The decision rendered in this writ shall also govern disposal of other writ being WP No. 1019/1987 (renumbered as WP 3638/1997) as both these writs involve identical issues and relates to same petitioner except the difference being the present petition arise out of IT Act and the other one arise out of WT Act.

2. By filing this writ under Art. 226/227 of Constitution of India, the petitioner seeks to challenge the notices issued under s. 147(a) of the IT Act (for short hereinafter referred to as ‘Act’), dt. 17th Nov., 1986, for the asst. yrs. 1983-84, 1984-85, and 1985-86 (Annexures P/16, P/17 and P/18). The reasoning for seeking to reopen the assessment for the years in question and which is communicated to the petitioner along with impugned notices reads as under : HINDI MATTER

The petitioner is an assessee as defined under s. 2(7) of the Act. It is an HUF which is being assessed in that capacity by and under the name M/s Kesrimal Bapulal through its Karta Keshrimal at all relevant time. During pendency of this writ, Keshrimal i.e., Karta of said HUF expired and hence present petitioners who are his legal representatives and also coparceners of HUF are brought on record to continue the proceedings. The petitioner-an assessee is engaged in the business and derives income from property as also from money-lending and interest.

For the asst. yr. 1980-81, the Assessing Officer (AO) made assessment of the petitioner under s. 143(3) of the Act. In this assessment, the petitioner had set up one document styled as family agreement settlement, dt. 21st Oct., 1979, (Annexure P/3). By this family agreement, the petitioner claimed that a sum of Rs. 1,25,112 has gone out of the hands of HUF and hence cannot now be taxed as an income of HUF. In other words, the contention of petitioner on the basis of the said family settlement was that on and after 21st Oct., 1979, (the date of family settlement), the amount of Rs. 1,25,112 will no longer be available for being taxed as HUF property and hence it be not accordingly treated as an income/assets of the HUF. It is this issue which was gone into by the AO in the assessment proceedings initiated under s. 143(3) ibid for the year 1980-81 and by his order, dt. 25th Oct., 1982 (Annexure P/2) the (AO) accepted the claim of the petitioner and accordingly granted benefit of the said sum i.e., Rs. 1,25,112 to the petitioner for the year 198081. However, the Commissioner of Income-tax (CIT) then invoked the powers conferred under s. 263 of the Act and questioned the correctness of the finding recorded by the AO in his order, dt. 25th Oct., 1982, when he granted benefit to petitioner of Rs. 1,25,112 on the basis of alleged family settlement.

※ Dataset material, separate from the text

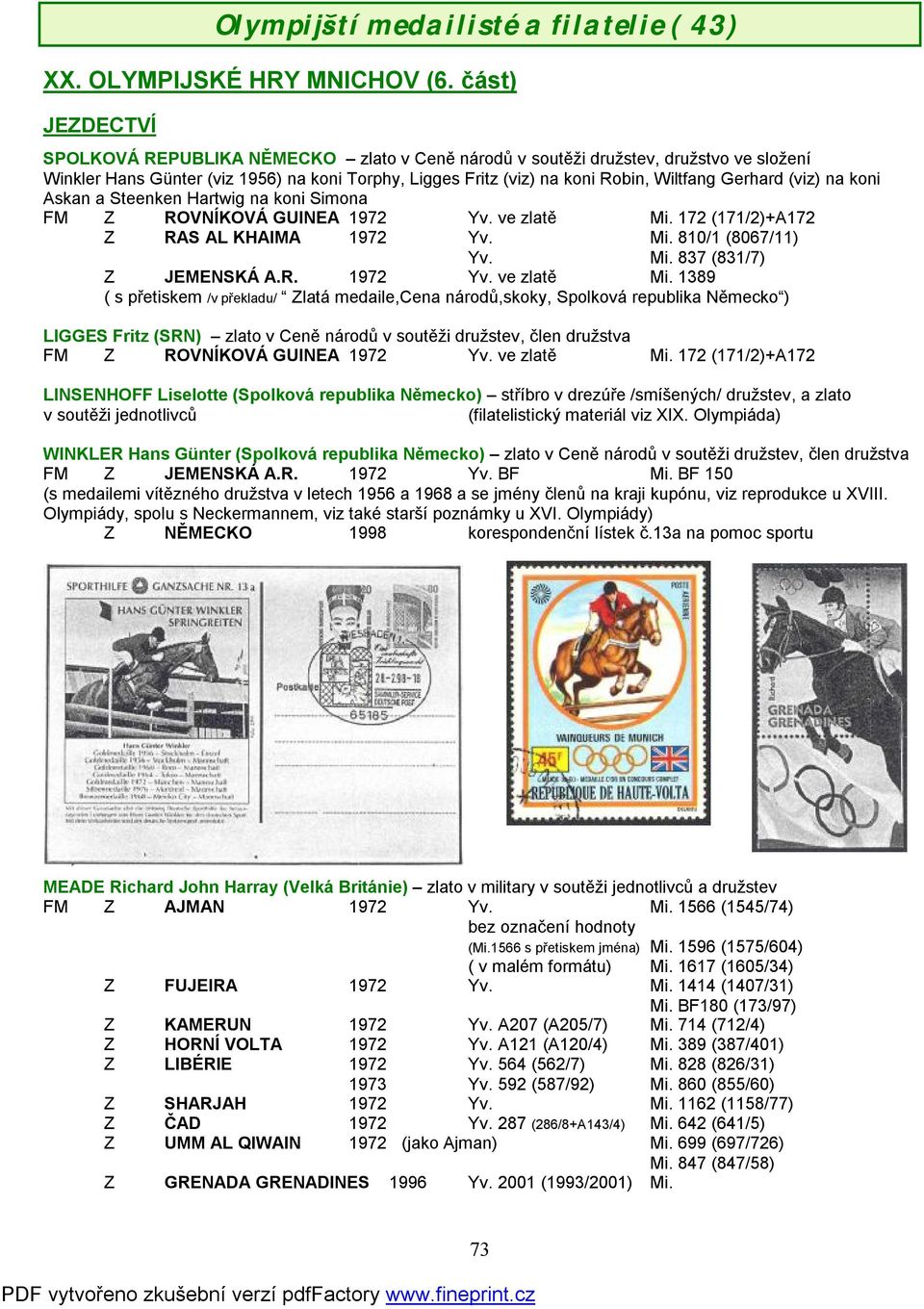 Gerhard (viz) na koni Askan a Steenken Hartwig na koni Simona FM Z ROVNÍKOVÁ GUINEA 1972 Yv. ve zlatě Mi. 172 (171/2)+A172 Z RAS AL KHAIMA 1972 Yv. Mi. 810/1 (8067/11) Yv. Mi. 837 (831/7) Z JEMENSKÁ A.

In the opinion of CIT the order of ITO was prejudicial to the interest of Revenue inasmuch as it wrongly relied upon the alleged family settlement for giving benefit to the petitioner to the extent of Rs. 1,25,112. The petitioner was thus afforded an opportunity of hearing in the suo motu exercise of powers by the CIT under s. 263 ibid and eventually by order dt. 5th Oct., 1984, (Annexure P/9), the CIT set aside the order of ITO insofar as it related to grant of benefit to petitioner of an amount of Rs. 1,25,112 on the basis of family settlement. It is stated that the order of CIT still holds the field.

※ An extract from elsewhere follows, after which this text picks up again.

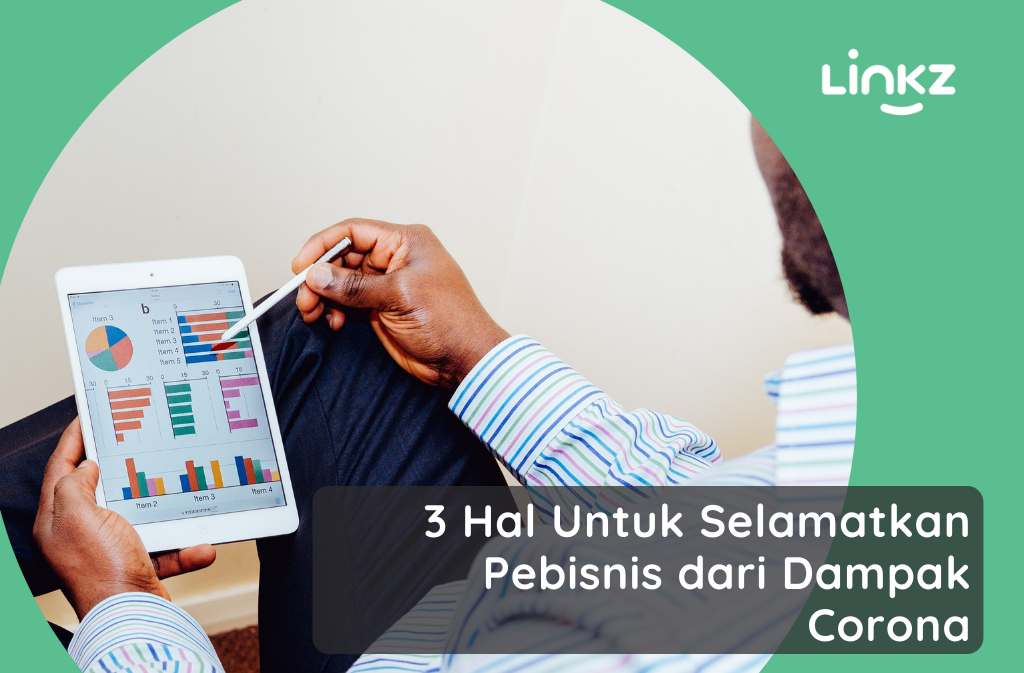 3 Hal Untuk Selamatkan Pebisnis dari Dampak Corona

Then came the assessment years in question i.e., 1983-84, 1984-85 and 1985-86. The petitioner submitted their return for these three years. However, the AO passed an assessment order under s. 143(1) of the Act on 13th July, 1985, (Annexure P/13) and P/14 for the year 1983-84 and 1984-85 and on 21st Jan., 1986, (Annexure P/15), for the year 1985-86. It may be noted that since the assessment orders for all the three years had been passed under s. 143(1) of the Act and not under s. 143(3) ibid the return submitted by the petitioner were accepted as it is and no demand of tax as such was issued nor any inquiry held.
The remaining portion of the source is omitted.